Programming interface
Currently it is not convenient to use saqc
programmatically, i.e. in code and not with a dedicated configuration file. In order to prepare an implementation of a real API I would like to discuss a few ideas here.
A couple of requirements from the top of my head formulated as user stories:
- As a user, I can add functions (qc-tests, harmonization, processing) to certain variables
- As a user, I want to add multiple functions and/or multiple parametrizations to a certain variable
- As a user, I want to be able to replace certain functions or their arguments
- As a user, I do not want to repeatedly pass the same arguments to functions over and over again (
data
,flagger
,field
) - As a user, I would like a possibility to run tests in parallel without the need to consider inter-test dependencies
- As a user, I want the same possibilities (e.g. variable wild cards) as through the CLI
- As a user, I want to use the same test names as through the CLI
- As a user, I want to make my runs reproducible, i.e. record the test functions and the passed parameters
- As a user, I want the option to evaluate the configuration lazily, i.e. first define the configuration in code and than run the system on a dedicated command
- As a user, I want to be able to use the same configuration for multiple datasets.
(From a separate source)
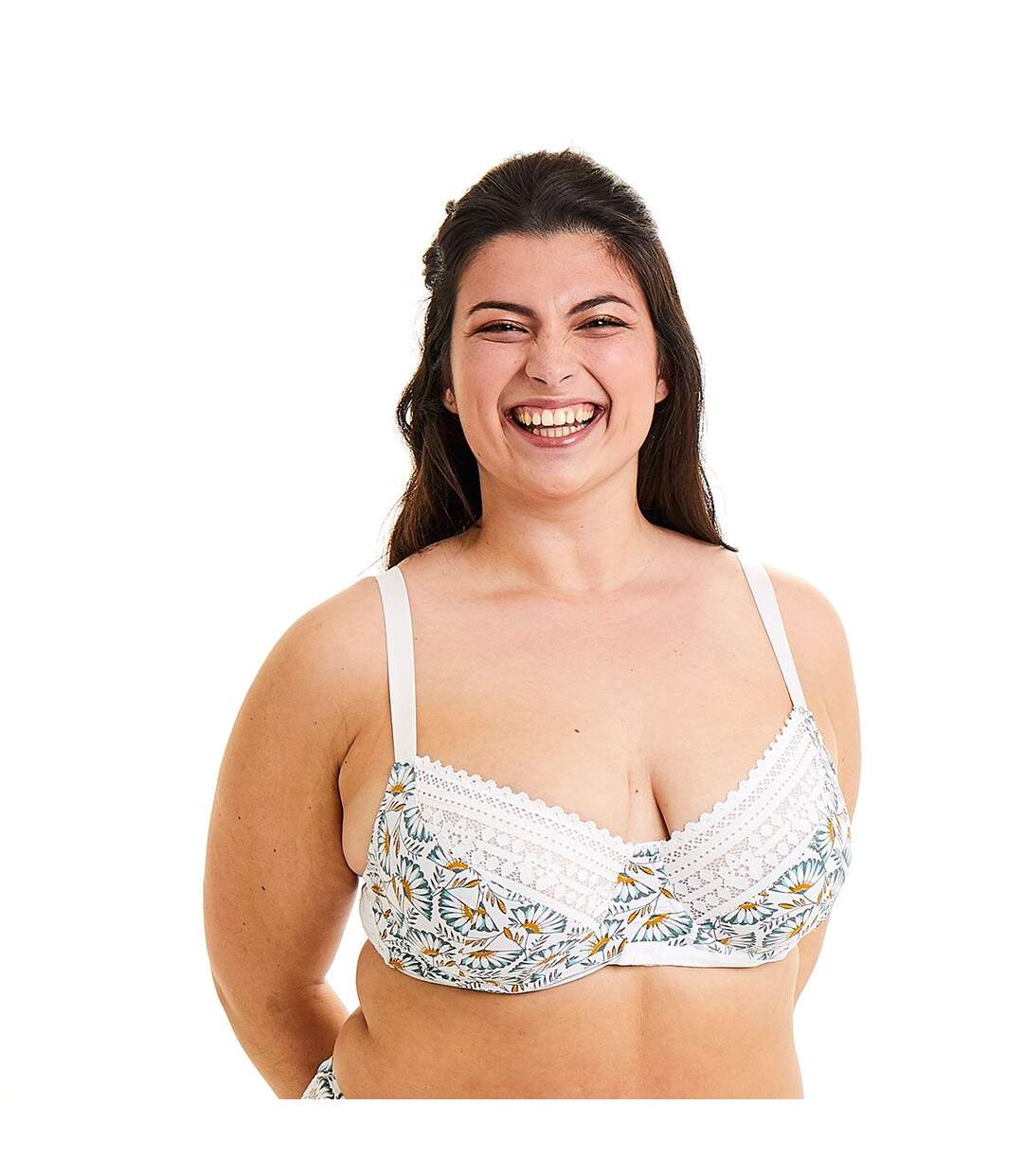 Soutien-gorge corbeille ivoire Imprévu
- As a user, I like to change the name of variable to which a test is applied in order to make configuration reuse practical.
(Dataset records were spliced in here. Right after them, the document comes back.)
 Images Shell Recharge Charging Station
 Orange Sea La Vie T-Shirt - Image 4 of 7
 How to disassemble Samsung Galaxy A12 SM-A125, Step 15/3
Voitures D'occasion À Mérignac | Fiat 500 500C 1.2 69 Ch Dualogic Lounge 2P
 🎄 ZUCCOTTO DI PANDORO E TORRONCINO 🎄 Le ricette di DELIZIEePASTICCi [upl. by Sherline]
- As a user, I like to change the test/flagger order of an existing configuration.
- As a user, I like to generate configurations (semi-)automatically from a set of given parameters.
- As a user, I like to specify variables, that should be checked not only by name but also by columns number/index.
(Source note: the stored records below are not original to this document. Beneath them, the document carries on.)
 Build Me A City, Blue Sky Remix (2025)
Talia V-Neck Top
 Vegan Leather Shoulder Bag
- As a developer, I want a construct which can also be used for the CLI, i.e. no separate machineries for the CLI and the new API
A few code snippets as a base for discussion:
-
At the moment I am thinking of a object oriented interface, so everything starts with an object creation:
config = SaQC()
-
Then we need to add some tests.
A more or less literal translation could look like
config.var("x").range(min=0, max=100) # that way we could reproduce more complex patterns like config.var("temp[0-9]+").range(min=0, max=100) # to make things less verbose, maybe we could things like config.y.range(min=0, max=100) # not yet sure how to realize them, but generics could look like that config.var("y").generic(lambda d: (d < 100) & (d >= y/2))
We could also make things more explicit
config.var("x").qc.range(min=10, max=100) config.var("temp[0-9]+").harm.shift2Grid(freq="10Min")
Or maybe less 'cody':
config.var("x").qc("range", min=10, max=100)
or even:
config.add("x", "range", min=10, max=100)
-
and finally run the system
data, flagger = saqc.run(data, BaseFlagger())
Any comments, suggestions or alternative ideas @palmb , @luenensc , @schmidle ? I would like to collect ideas on how the interface should look like, to make the usage of saqc
in code easier and more convenient and maybe even make the system usable in other contexts (like the implementation and testing phase of new algorithms/methods, ML trainings). So any ideas are welcome, no matter how hard or easy their realization might be.